───── Given information ─────
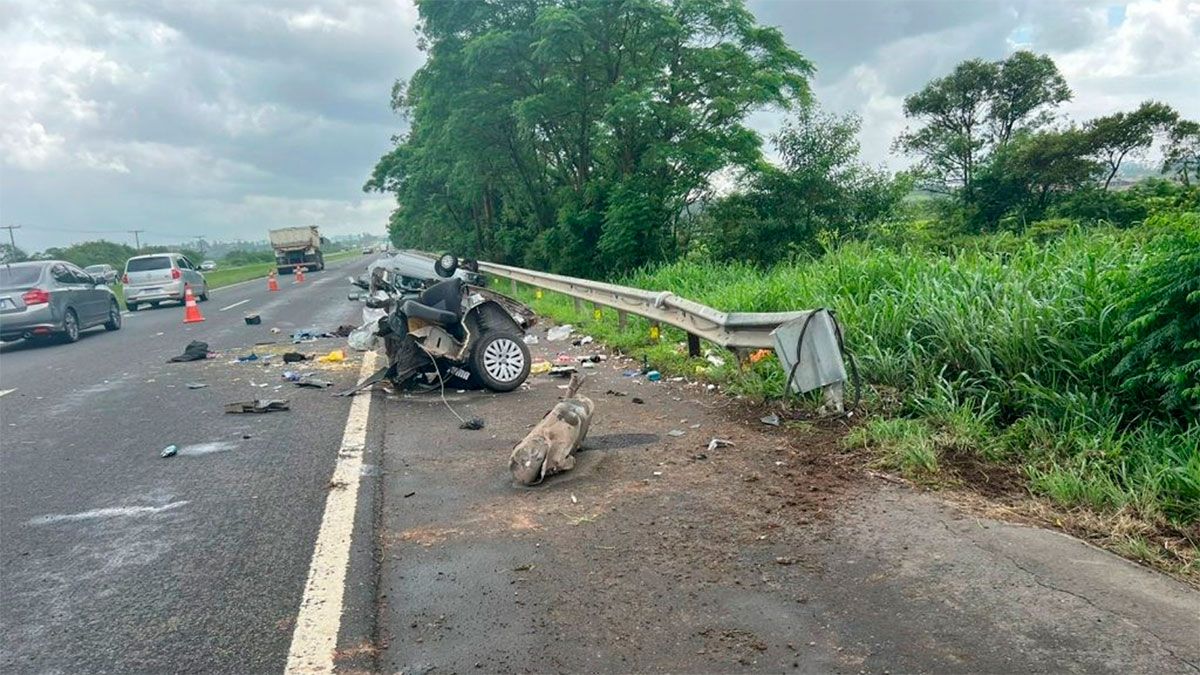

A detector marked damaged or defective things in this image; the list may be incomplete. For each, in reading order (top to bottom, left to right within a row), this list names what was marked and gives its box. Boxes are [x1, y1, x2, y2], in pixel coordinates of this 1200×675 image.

detached car wheel [104, 302, 122, 332]
overturned car [346, 254, 536, 394]
destroyed vehicle [358, 252, 536, 390]
detached car wheel [468, 332, 528, 394]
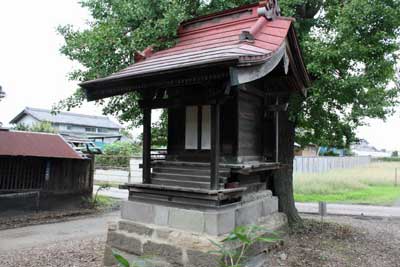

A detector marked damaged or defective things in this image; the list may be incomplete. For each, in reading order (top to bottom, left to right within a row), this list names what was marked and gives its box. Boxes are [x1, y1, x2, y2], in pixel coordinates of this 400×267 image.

rusted metal sheet [0, 131, 82, 159]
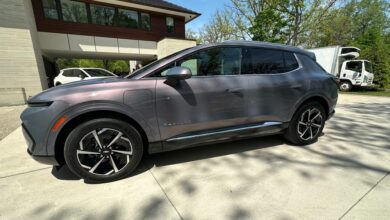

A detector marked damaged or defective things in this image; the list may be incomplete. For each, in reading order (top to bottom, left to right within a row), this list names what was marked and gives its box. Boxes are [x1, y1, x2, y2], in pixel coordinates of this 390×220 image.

pavement crack [146, 162, 184, 220]
pavement crack [338, 171, 390, 219]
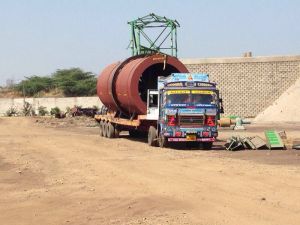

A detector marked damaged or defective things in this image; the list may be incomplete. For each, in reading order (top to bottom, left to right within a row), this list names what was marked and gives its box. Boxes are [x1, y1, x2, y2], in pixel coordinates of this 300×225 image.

rusted metal drum [97, 54, 189, 116]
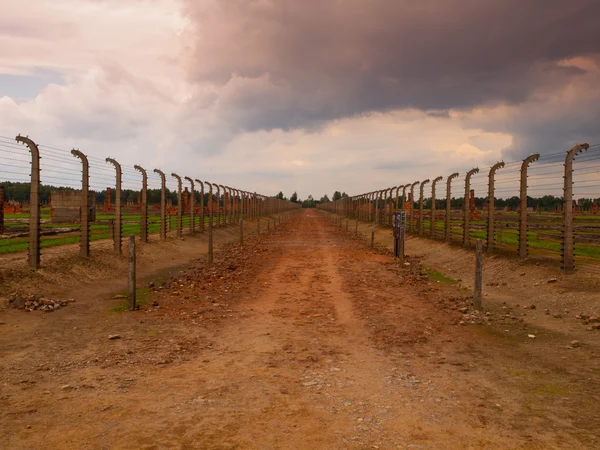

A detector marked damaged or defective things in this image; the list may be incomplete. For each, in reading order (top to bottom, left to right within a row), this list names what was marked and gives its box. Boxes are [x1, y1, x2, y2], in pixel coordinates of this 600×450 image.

rusty fence post [15, 134, 40, 268]
rusty fence post [72, 149, 90, 256]
rusty fence post [106, 158, 122, 255]
rusty fence post [486, 163, 504, 253]
rusty fence post [516, 155, 540, 258]
rusty fence post [564, 143, 592, 270]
─────
## Exercise description:
Please set down only the lines from the one containing "this 400×267 image." through the end of the entries, exactly as they stand, both ends included and with no pictures.

## Output of the exercise:
A detector marked damaged or defective things in this image; the list may be incomplete. For each, in reading order (top to bottom, left to right within a row), this list names what was marked and gives its box. Boxes are [x1, y1, x2, y2], in pixel coordinates of this 400×267 image.

rusted metal sheet [0, 131, 82, 159]

A detector marked damaged or defective things in this image; the list may be incomplete. For each, in reading order (top to bottom, left to right within a row), this list names what was marked and gives its box. Boxes are [x1, y1, x2, y2], in pixel coordinates of this 390×220 image.

pavement crack [146, 162, 184, 220]
pavement crack [338, 171, 390, 219]

A detector marked damaged or defective things in this image; the list may be incomplete. For each, in reading order (top to bottom, left to right within a row), this list names what was marked and gives its box. Boxes are [x1, y1, x2, y2], in pixel coordinates of this 300×225 image.

rusted metal drum [97, 54, 189, 116]

A detector marked damaged or defective things in this image; the list may be incomplete. For each, in reading order (top to bottom, left to right within a row), this list names what was marked and gives its box. Boxes are [x1, y1, x2, y2], in pixel coordinates of this 600×450 image.

rusty fence post [15, 134, 40, 268]
rusty fence post [72, 149, 90, 256]
rusty fence post [106, 158, 122, 255]
rusty fence post [486, 163, 504, 253]
rusty fence post [516, 155, 540, 258]
rusty fence post [564, 143, 592, 270]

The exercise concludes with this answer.